When you copy the data, keep every word exactly as it is and leave the pictures out.
++++ COLLECTED DATA
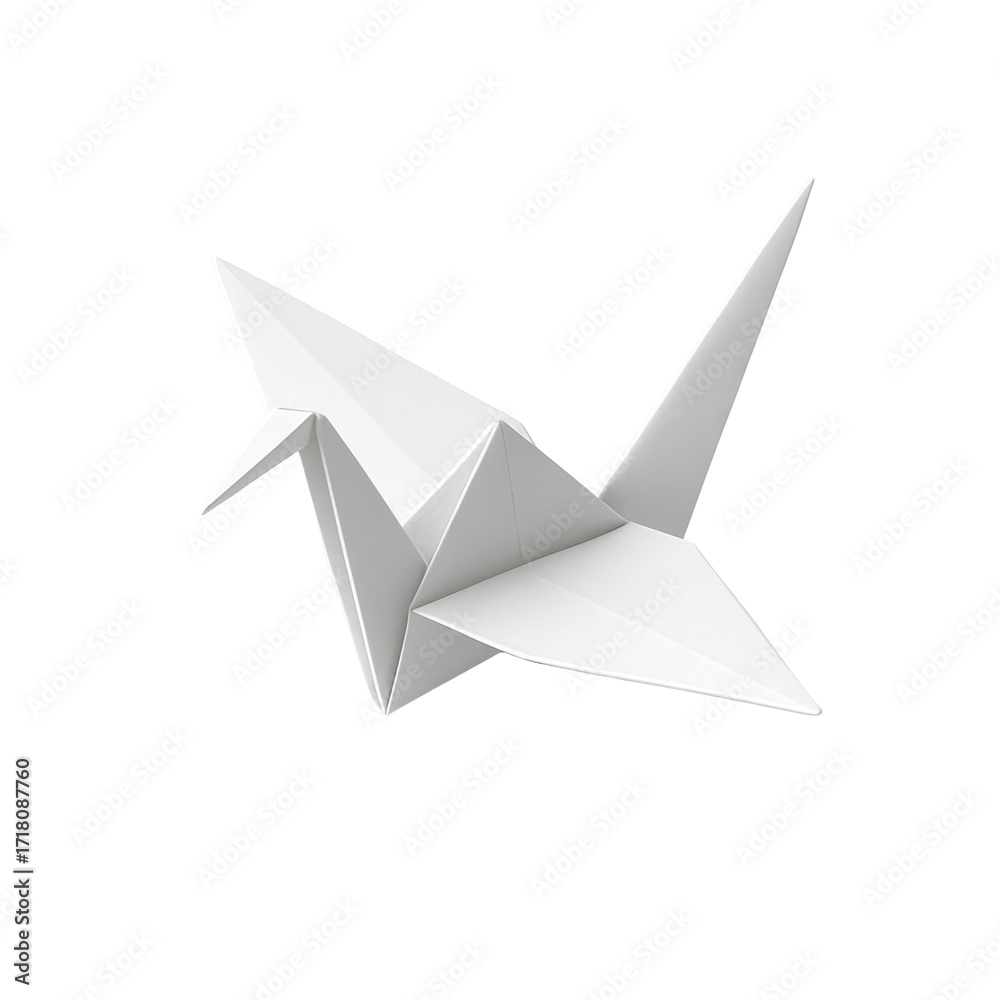 Naklejka premium Elegant White Origami Crane Paper Art Sculpture Minimalist Design
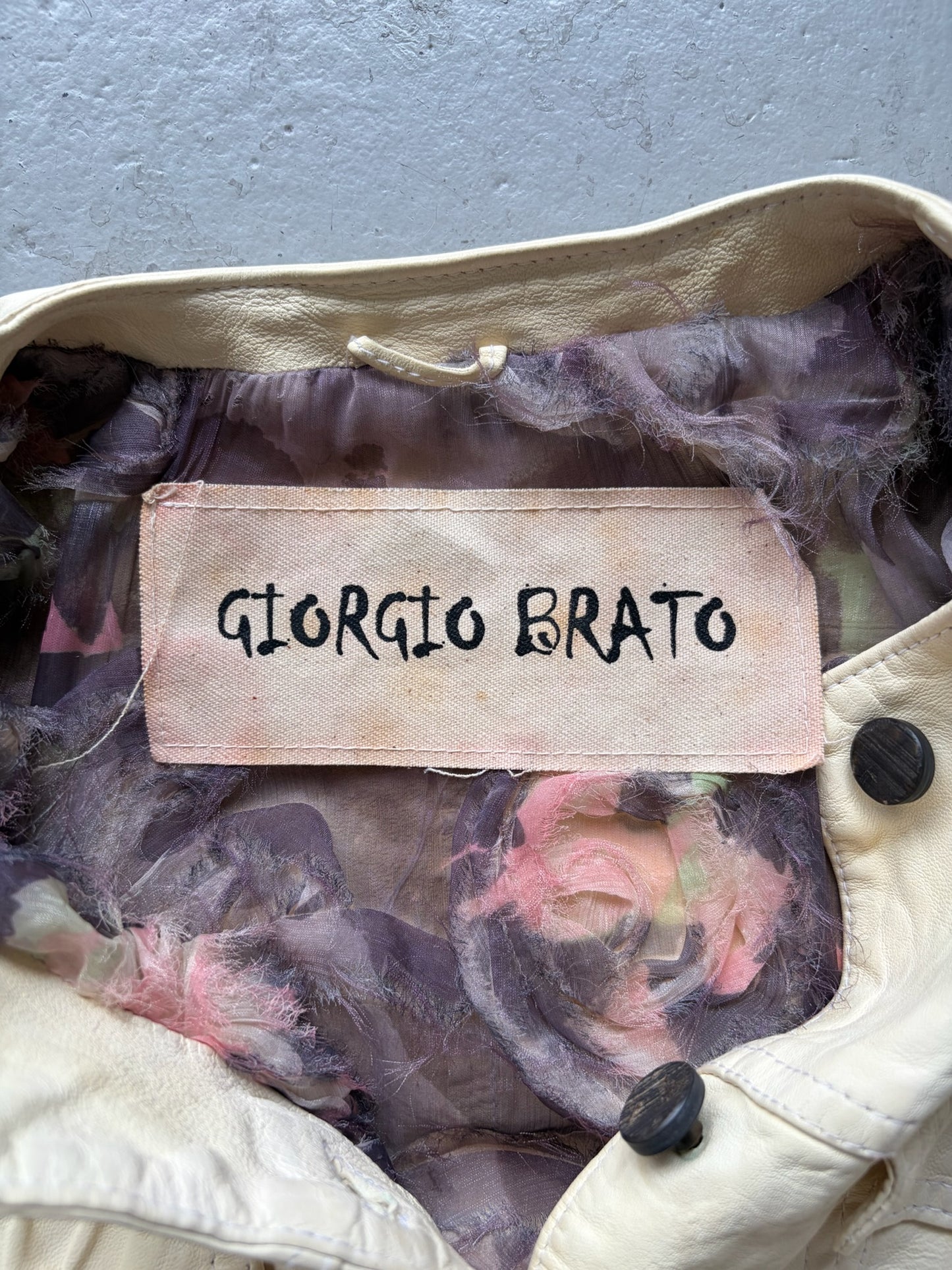 Giorgio Brato Vegetable Tanned Button Up Leather Jacket  (42)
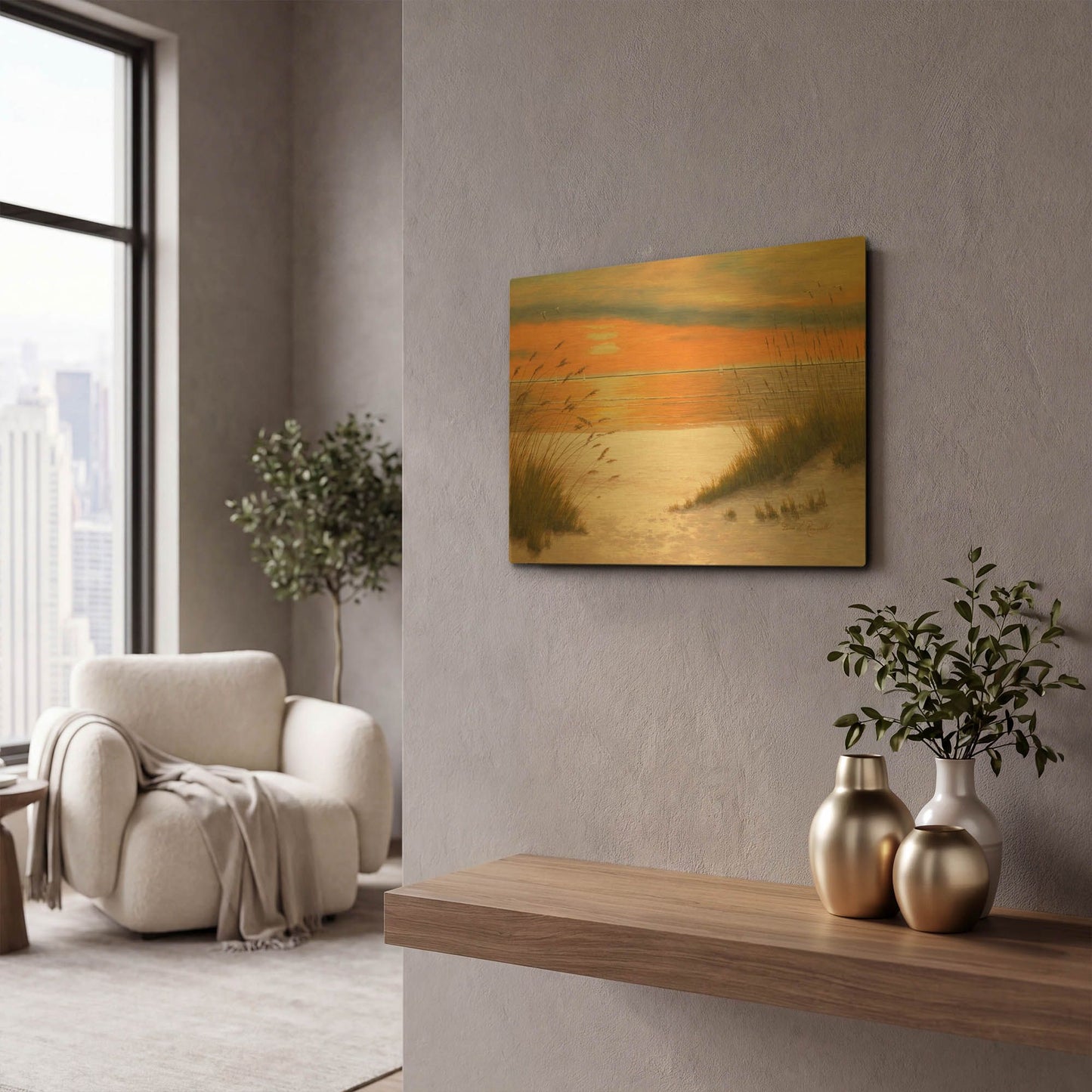 'R1204D - Summer Sunset' By Diane Romanello Gold Metal Wall Art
++++++++
■ RESPONSE BELOW
 Naklejka premium Elegant White Origami Crane Paper Art Sculpture Minimalist Design
 Giorgio Brato Vegetable Tanned Button Up Leather Jacket  (42)
 'R1204D - Summer Sunset' By Diane Romanello Gold Metal Wall Art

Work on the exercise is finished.